In the Home tab, in the Define group, click the Media icon. From the ドロップダウンリスト select the Coating (CO) icon.

Note: The coating applies to all calculations following the CO card.

The CO card uses the material properties (label of the material) defined in the DI card. Therefore the DI card must be placed before the CO card. A layered medium is defined by referencing the labels of the materials to be used for the individual layers in the DL card.

Parameters:

Label of elements to coat

All segments or triangles with this label are coated.

No coating (as if CO card not present)

No coating present (as if the relevant label has no CO card). This is used to remove wire coatings from earlier solutions.
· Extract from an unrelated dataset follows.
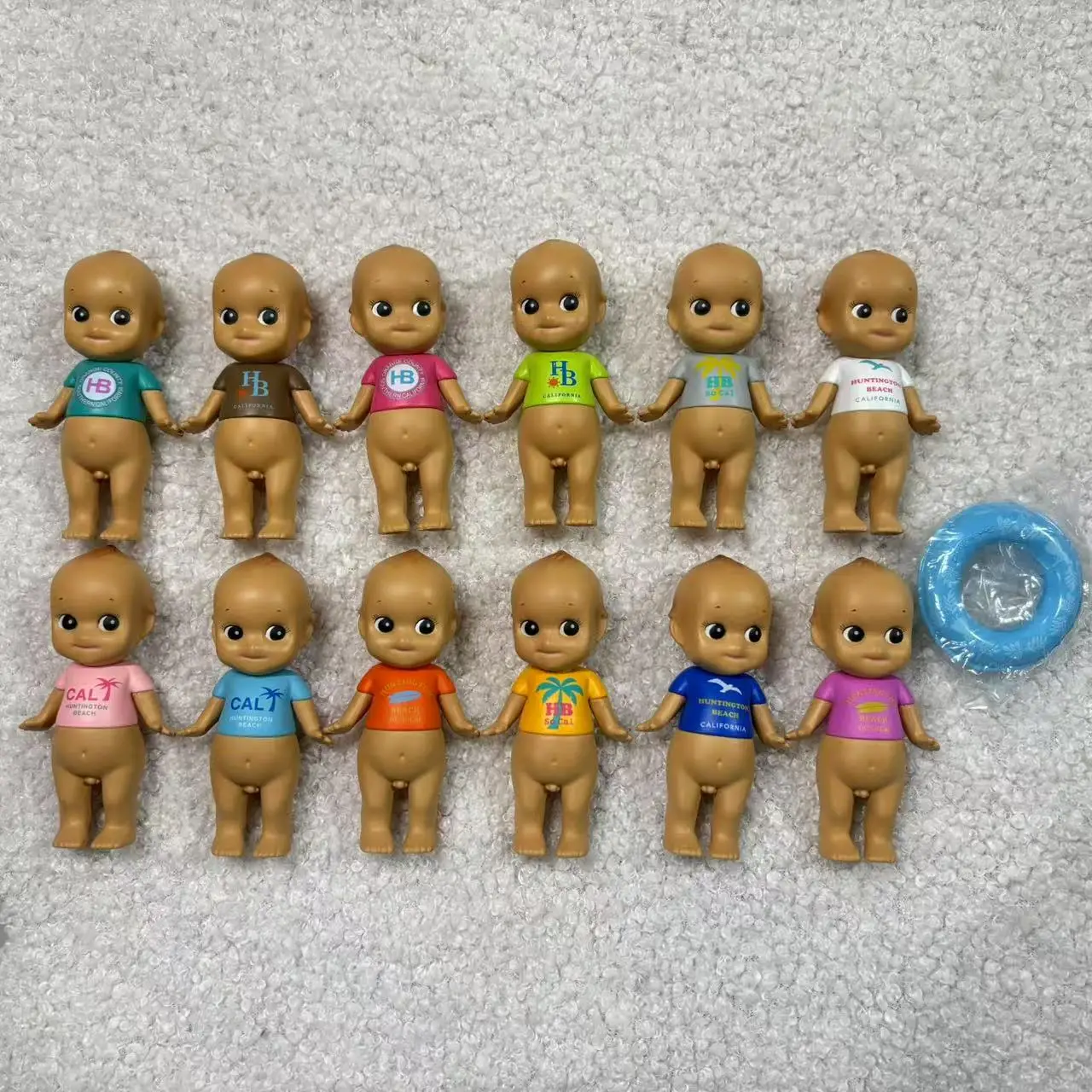 

Мини-фигурка Sonny Angel, летняя серия, Huntington Beach Version 2014, без коробки, без сумки, LIFEGUARD, розовый CAL, белые чайки SAS65200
Wire coating (Popovic formulation)

In this case, the radius of the metallic core is changed internally to model the change in the capacitive loading of the wire and a corresponding inductive loading is added. The only restriction of this method is that the loss tangents of the wire coating and of the surrounding medium must be identical (for instance both media could be lossless).

Wire coating (volume equivalence principle)

This setting retains the radius of the metallic wire. The effect of the dielectric layer is accounted for by a volume polarisation current. The only restriction of this method is that the layer should not be magnetic in nature. This means that the relative permeability

μ_{r}

as well as the magnetic loss tangent

\tan δ_{u}

of the coating must be the same as those of the surrounding medium).

Electrically thin surface coating

This option adds multilayer dielectric/magnetic coatings to the surface triangles with the specified label. Different values for the permittivity and permeability of the layers are allowed, but the total coating must be electrically (that is relative to the wavelength in the coating) thin as well as geometrically thin (see the next item).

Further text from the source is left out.